For me, working as a freelancer is my ideal lifestyle. Although I currently have a permanent home base, I love being able to change locations or travel whenever I want. I’ve always valued my personal freedom as one of the most important things in my life. And a working nomad lifestyle allows more control over that.
While I’m home, being productive isn’t so much of a problem. I have my routine and I stick to it pretty well. Sometimes I might sleep an extra hour in the mornings or have a bad day and put work off until tomorrow, but I’m only human.
When I’m traveling, it’s much more challenging to stick to a routine and schedule and, as a result, I sometimes see a decline in my productivity. With so many places to explore and so many people to meet, who wants to work? But we must motivate ourselves! We must pull through and remember that working allows us to be where we are right now. It allows us to travel.
With that being said, I’ve done my fair share of research on productivity tips and tricks, tried many, kept some, and tossed others in the trash. While some productivity tips might work perfectly for one person, they can be totally wrong for another. I suggest trying these tips out to see which ones work for you and which ones don’t!
Here are 29 ideas for increasing productivity as a working nomad:
1. Set a Schedule
When I first started freelancing, I was super excited that I could decide my own schedule and I just worked whenever I found time during the day. Some days I would start early and end around 5 P.M. while other days I started at noon and worked until 2 A.M. I quickly became overwhelmed. Now I always aim to start working by 8 A.M. I take a short break for lunch and finish when I complete my to-do list, which is usually around 5 P.M.
2. Get an Early Start
As I mentioned, I start working at 8 A.M. I’ve found that I’m much more productive in the mornings. By 8 A.M. I’ve already gone to the gym, gotten ready for the day, and eaten breakfast. With the whole day ahead of me, I feel inspired and ready to get started on my work. It’s not always easy to get up at 6 A.M., but the hardest part is actually getting out of bed. From there, it’s not so bad.
3. Get Ready for the Day
I used to love rolling out of bed and working in my PJs, or even just staying in bed and working from there. But was I productive? No. I felt super comfortable but I also had the constant urge to lounge around, take a nap, or watch “just one episode” of whatever series I happened to be binge-watching on Netflix at the time. Now, I do my hair, makeup, and get dressed before I even sit down to work. It sends a message to my brain that I need to be in work mode, and not relaxation mode.

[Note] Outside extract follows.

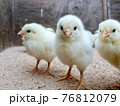 木箱に入れられた3羽のヒヨコ 76812079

4. Work in an Actual Workspace
It can be a little difficult to find a dedicated workspace while traveling, but it’s definitely possible! If you’re staying in a hostel, you could work in the common area instead of in the hostel bed. If you’re staying in a hotel or Airbnb, try to reserve a room or apartment that has a work desk or at least a kitchen table. Alternatively, many towns and cities have a variety of cafés with wifi, which offers a great workspace as well as a fantastic way to people watch and experience the culture a little bit.
5. Avoid Distractions
I get distracted super easily, between my phone, the noise outside, and thinking about everything I have to do that day. I try and train my mind to focus on one task at a time and I do my best to minimize possible distractions before I sit down to work. If there’s something small I need to do during the day, I’ll do it before so that it’s one less thing on my mind.
6. Take Breaks
When we’re overwhelmed with work, we can sometimes feel like taking a break will hinder our productivity, but that’s not true. Breaks give our mind a rest, which helps it function better and, in turn, making us more productive. A five or ten-minute break is perfect. During this time, I usually do some cleaning, read something, or go for a short walk.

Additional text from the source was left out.